**What this task involves:** Would you retype the whole listing exactly, leaving its pictures out?

**Information:**
···

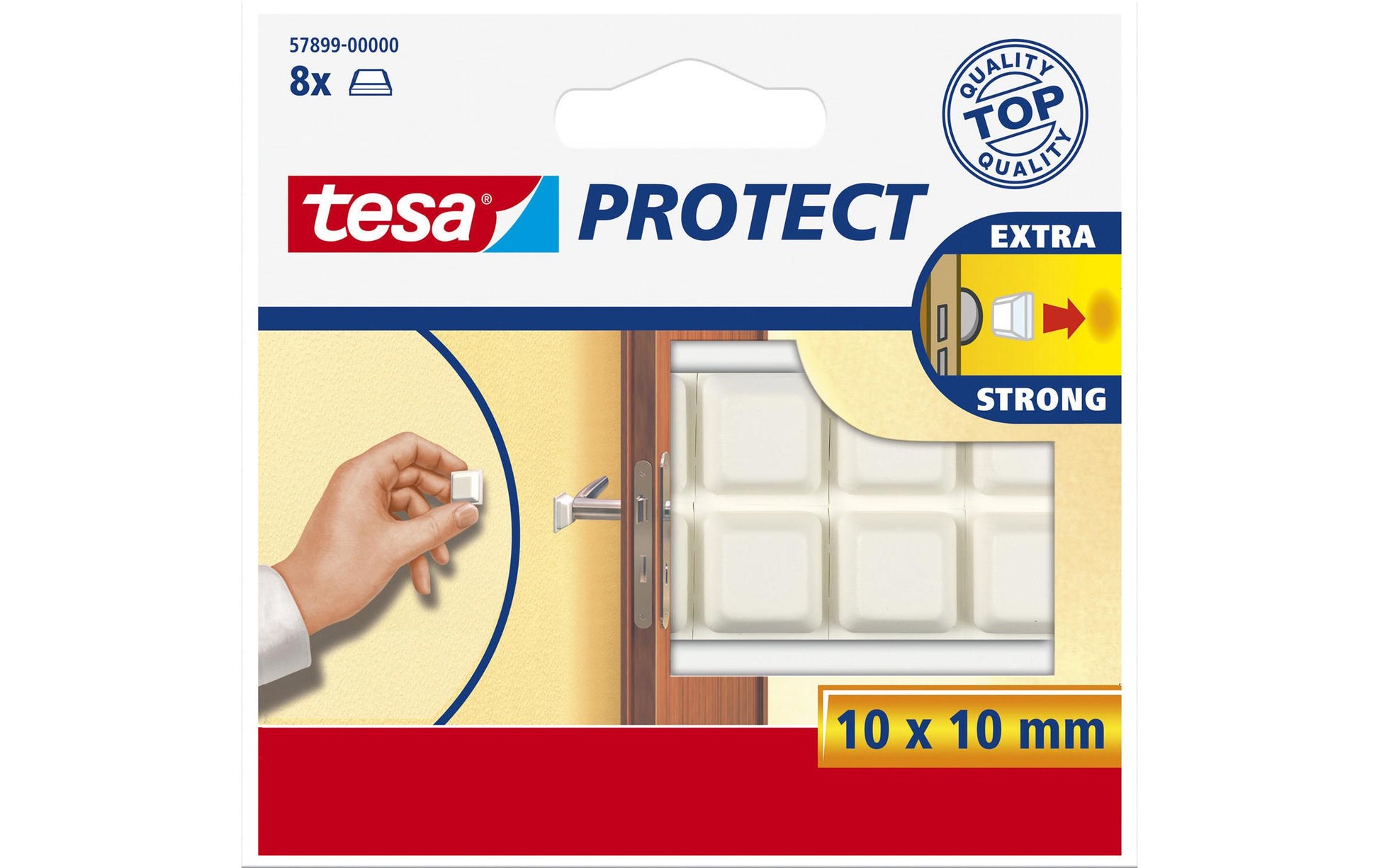 Tesa Protect Haftpunkte – 10 × 10 mm, 8 Stk., weiss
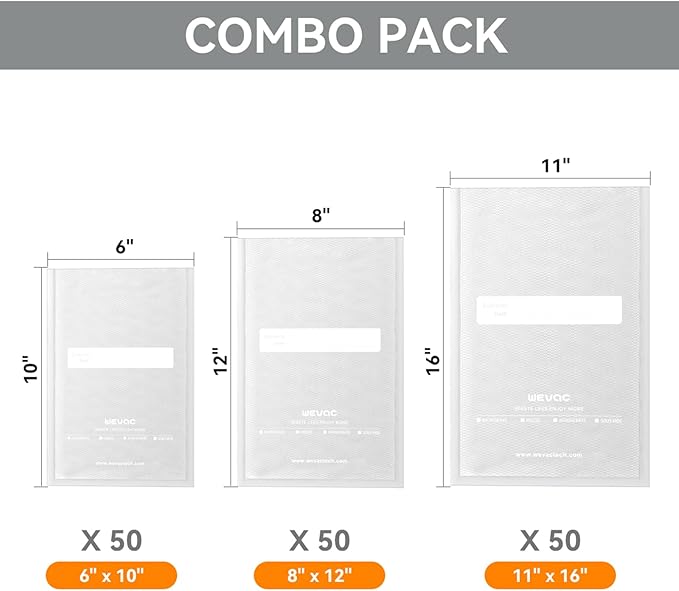 Wevac Vacuum Sealer Bags, 150 Gallon 11" x 16", and Quart 8" x 12" and Pint 6" x 10", 5 Liquid Block Bags & 5 Bone Guard Pieces, Heavy Duty for Food Storage, Sous Vide & Meal Prep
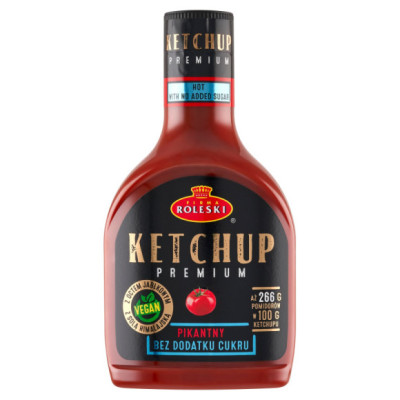 KETCHUP PIKANTNY PREMIUM !! bez dodatku cukru !! CZYSTY SKŁAD 425g ROLESKI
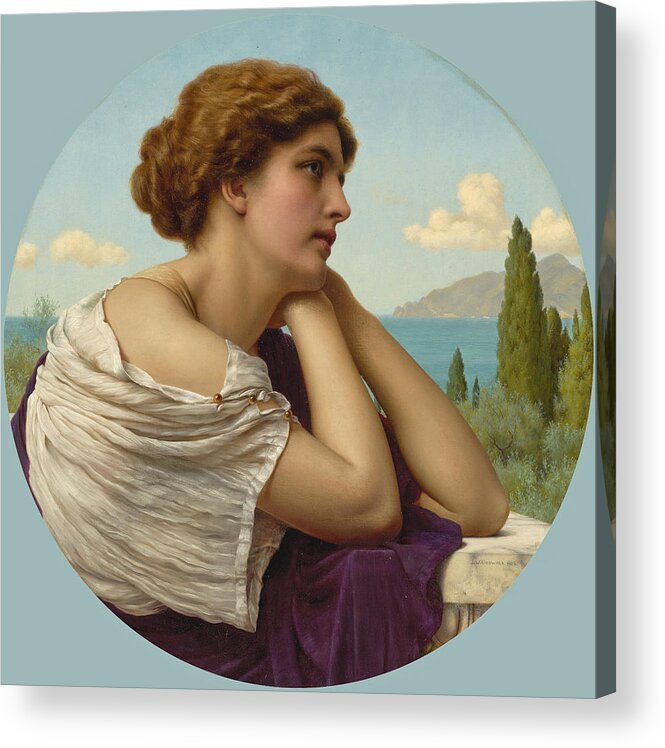 John William Godward Acrylic Print featuring the painting Heart on her Lips and Soul within her Eyes by John William Godward
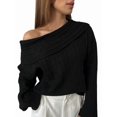 thumbnail image 3 of Women Off Shoulder Sweater Top Long Sleeve Knitted Pullover Casual Loose Oversized Trendy Vintage Knitwear Tops Black M, 3 of 6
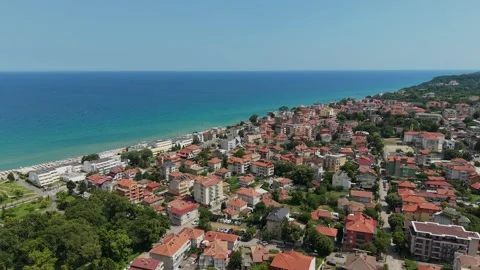 Flyover camera movement above Obzor resort in Bulgaria Stock Footage 344463686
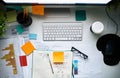 The designers desk. High angle shot of a creative workstation with no people.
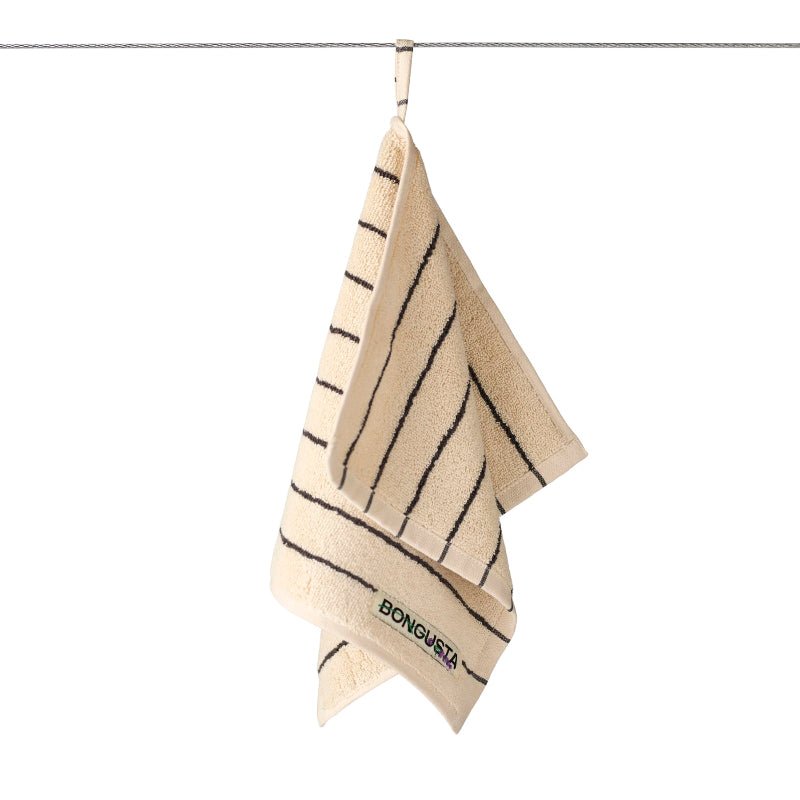 Gæstehåndklæde - Naram - Creme & ink - Nordic Home Living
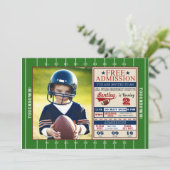Football Ticket Photo Birthday Invitation Kaart (Staand voorkant)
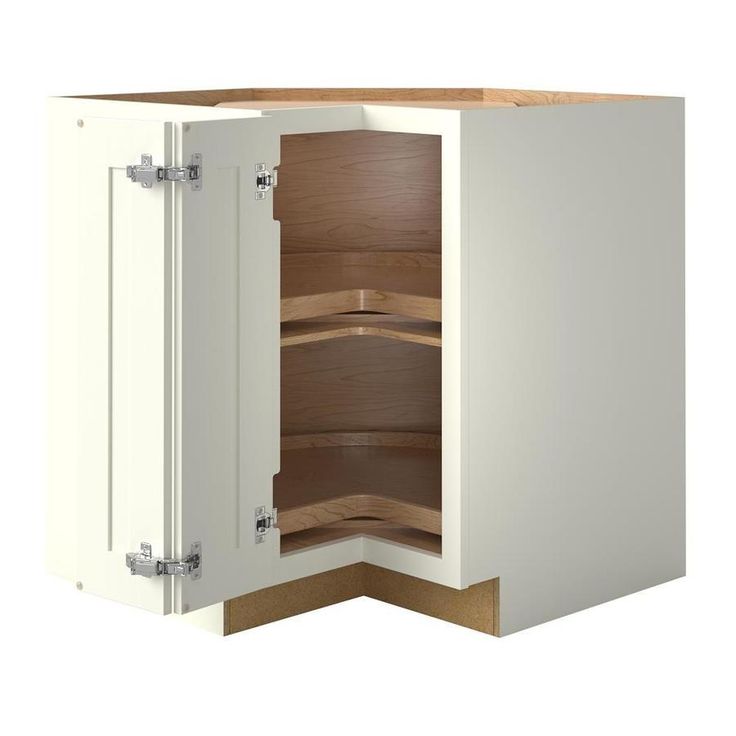 allen + roth Aveley 33-in W x 34.5-in H x 24-in D Linen Maple Lazy Susan Corner Base Semi-Custom Cabinet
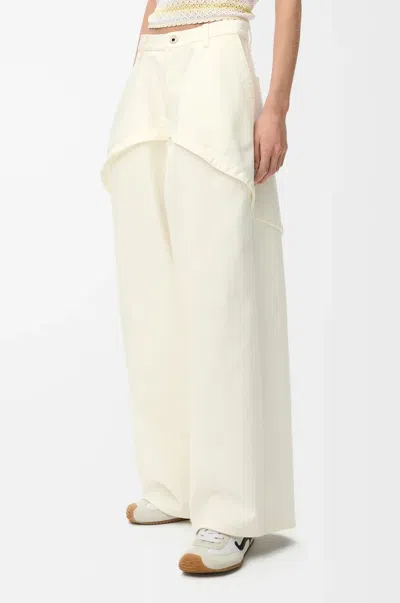 Loewe Denim Trousers With Asymmetric Panel Construction In Neutral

···

**Written answer:**
 Tesa Protect Haftpunkte – 10 × 10 mm, 8 Stk., weiss
 Wevac Vacuum Sealer Bags, 150 Gallon 11" x 16", and Quart 8" x 12" and Pint 6" x 10", 5 Liquid Block Bags & 5 Bone Guard Pieces, Heavy Duty for Food Storage, Sous Vide & Meal Prep
 KETCHUP PIKANTNY PREMIUM !! bez dodatku cukru !! CZYSTY SKŁAD 425g ROLESKI
 John William Godward Acrylic Print featuring the painting Heart on her Lips and Soul within her Eyes by John William Godward
 thumbnail image 3 of Women Off Shoulder Sweater Top Long Sleeve Knitted Pullover Casual Loose Oversized Trendy Vintage Knitwear Tops Black M, 3 of 6
 Flyover camera movement above Obzor resort in Bulgaria Stock Footage 344463686
 The designers desk. High angle shot of a creative workstation with no people.
 Gæstehåndklæde - Naram - Creme & ink - Nordic Home Living
Football Ticket Photo Birthday Invitation Kaart (Staand voorkant)
 allen + roth Aveley 33-in W x 34.5-in H x 24-in D Linen Maple Lazy Susan Corner Base Semi-Custom Cabinet
 Loewe Denim Trousers With Asymmetric Panel Construction In Neutral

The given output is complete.